**Material to process:**
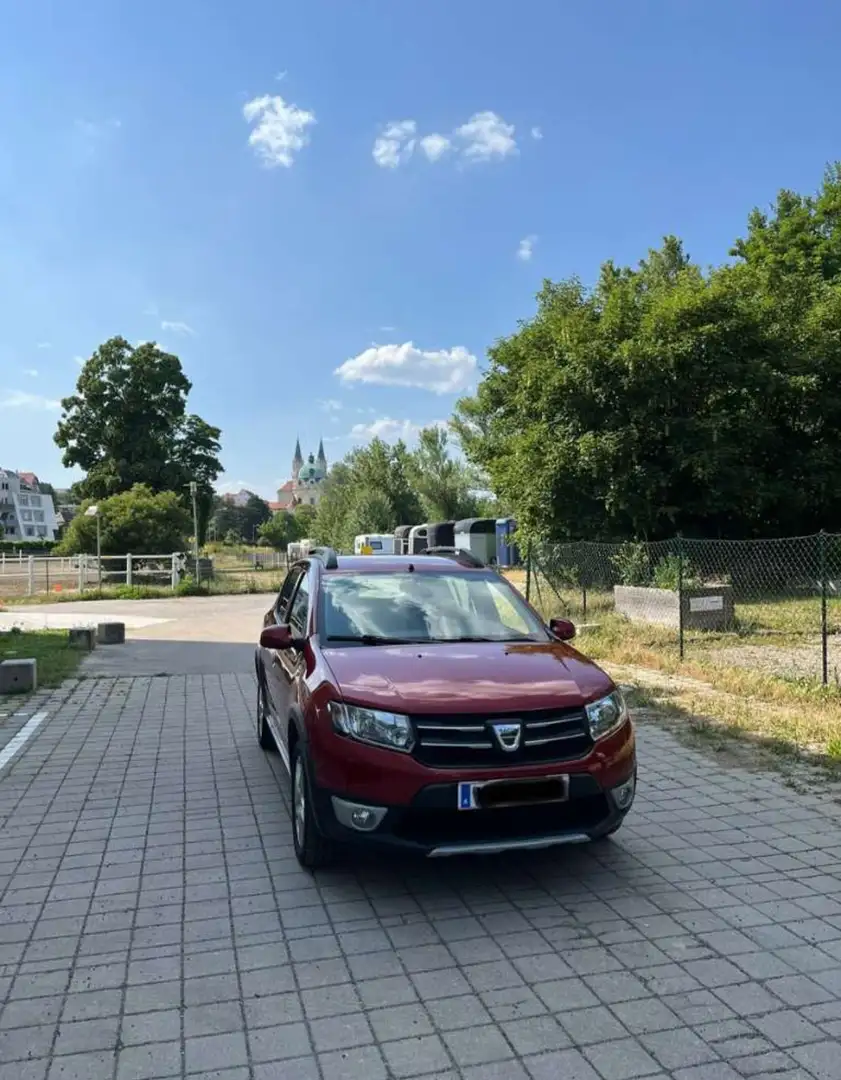 Dacia Sandero TCe 90 E6 Stepway - 1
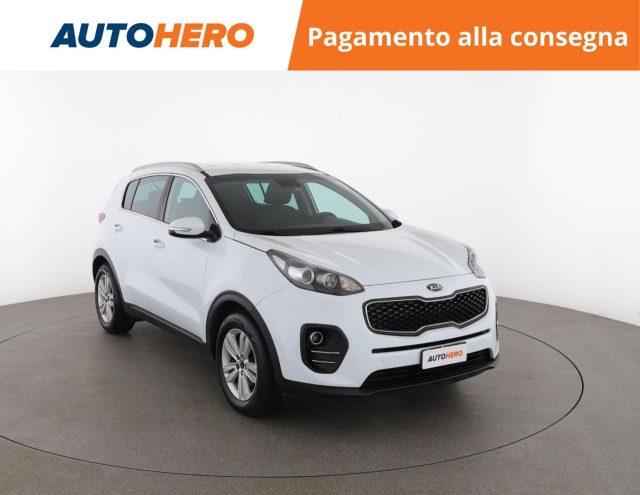 KIA Sportage 1.7 CRDI 2WD Cool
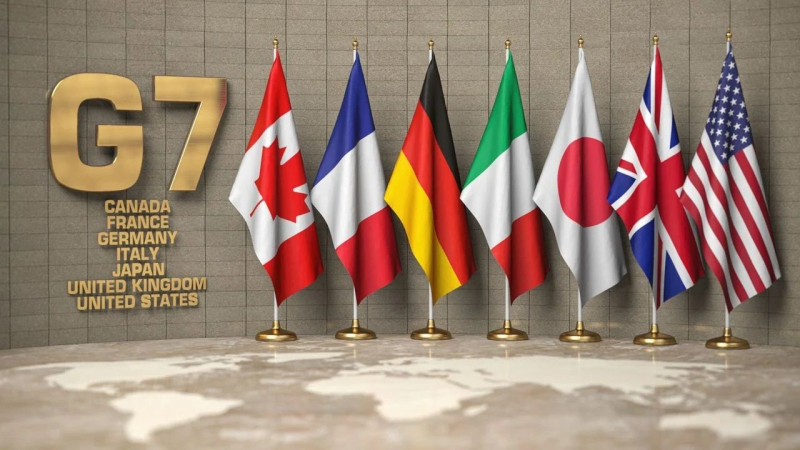 ​G7 угрожает России  ужесточением санкций в случае срыва перемирия — Bloomberg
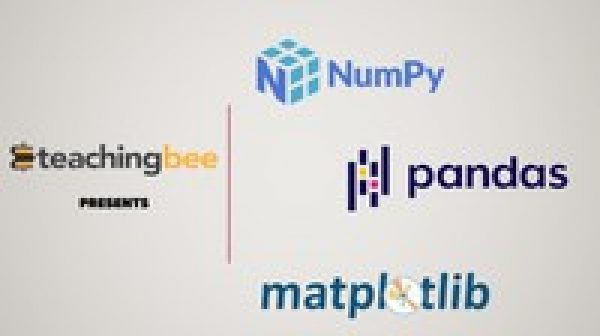 NumPy, Pandas, Matplotlib in Python for Machine Learning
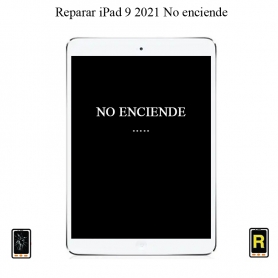 Reparar No Enciende iPad 9 2021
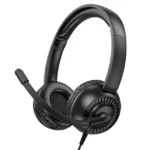 Hoco W112 Pure headphones - Image 2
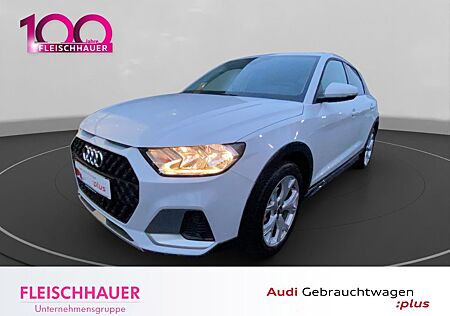 Audi A1 allstreet 30 TFSI GRA+PDC+sound+17''+App-conn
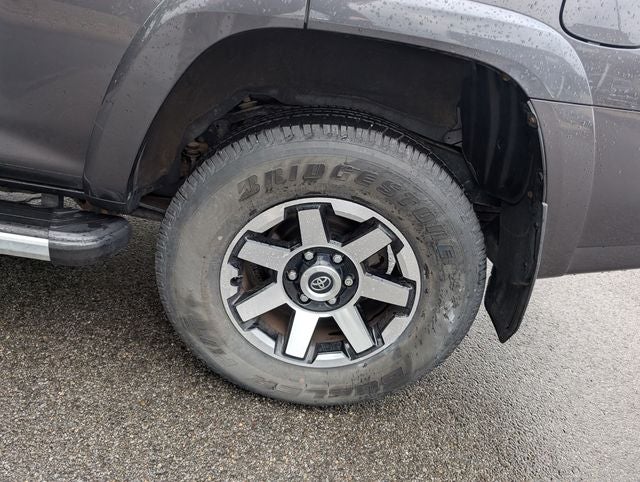 2019 Toyota 4Runner TRD Off-Road Premium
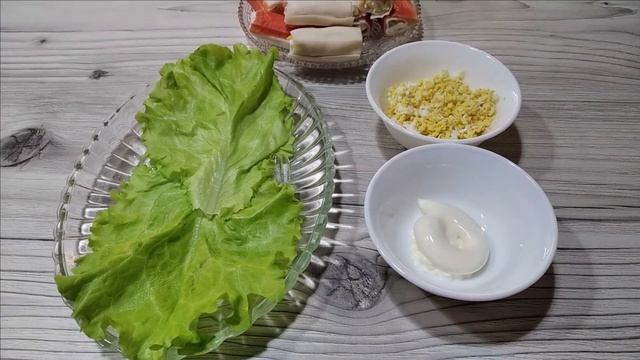 2 БЫСТРЫЕ И ВКУСНЫЕ ЗАКУСКИ ИЗ КРАБОВЫХ ПАЛОЧЕК НА НОВОГОДНИЙ СТОЛ смотреть онлайн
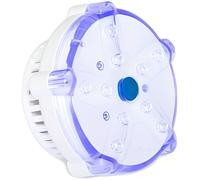 Lumière LED pour Lay-Z-Spa - BESTWAY - 7 couleurs - à piles - 9 2x6 2 cm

**About this task:**
Copy the lines starting at the line that contains "Reparar No Enciende iPad 9 2021" and running to the final line of the entries, inclusive; omit all pictures.

**Response below:**
 Reparar No Enciende iPad 9 2021
 Hoco W112 Pure headphones - Image 2
 Audi A1 allstreet 30 TFSI GRA+PDC+sound+17''+App-conn
 2019 Toyota 4Runner TRD Off-Road Premium
 2 БЫСТРЫЕ И ВКУСНЫЕ ЗАКУСКИ ИЗ КРАБОВЫХ ПАЛОЧЕК НА НОВОГОДНИЙ СТОЛ смотреть онлайн
 Lumière LED pour Lay-Z-Spa - BESTWAY - 7 couleurs - à piles - 9 2x6 2 cm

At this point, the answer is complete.